Lately, Zomato has been taking the internet by storm with intriguing posts like the independence day ‘not accepting orders anymore‘ or super friendly notifications reminding you to order food from its platform like never before. That is just one side of the coin. On the backdrop, Zomato has been experimenting with various machine learning models to provide personalised experiences to its customers, driver-partners and restaurants.
Today, many consumer-focused brands are trying to understand customer preferences in real-time and offer personalised experiences. It requires surfing through the data lake, creating useful machine learning models, and deploying them in production. For instance, Swiggy had created a heatmap feature (showcasing demand areas) for its delivery partners, which helped them know where to go next after delivering the food or grocery orders.
Zomato uses ML to predict a lot of challenges in real-time, including last-mile delivery of food orders, allocation of delivery partners, estimation of time for restaurants to prepare food, grooming of delivery partners, assessing fake reviews, etc. “Solving these unknowns helps us provide better customer experience and improve business metrics by either reducing costs or increasing the revenue,” says Ram Singla, VP of Technology at Zomato.
Founded in 2008, Zomato offers services like restaurant discovery and reviews, home delivery, online table reservation, digital payments when dining out, etc. It also works with restaurant partners to provide tools to engage and acquire more customers while empowering them with last-mile delivery services, alongside a one-stop procurement solution, Hyperpure, for ingredients and kitchen supplies.
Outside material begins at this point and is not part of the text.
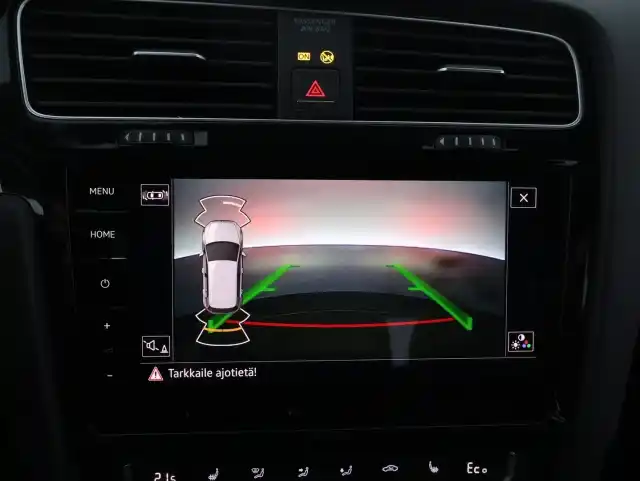 Harmaa Viistoperä, Volkswagen Golf – IPH-444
The company currently has about two lakh+ merchants or restaurant partners, one lakh+ delivery partners and has completed close to 10 crore+ deliveries. It is present in over 23 countries. Recently, the Zomato IPO hit the primary market, and in two days, it witnessed an oversubscription of 4.18 times by retail investors. In FY21, the company made 86 per cent of its operating revenue from food delivery services which stood at INR 1,715 crore.
Here’s how Zomato uses ML
In its latest blog post, the food delivery giant Zomato unveiled its secret ingredients of machine learning. It said it uses a simple equation of three variables — input, brain, and output, via ‘model training’ and ‘model prediction’ techniques. Meaning, if the output and input are known, the process of figuring out the brain is called model training. If the input and brain are known, the method of computing the output is called model prediction.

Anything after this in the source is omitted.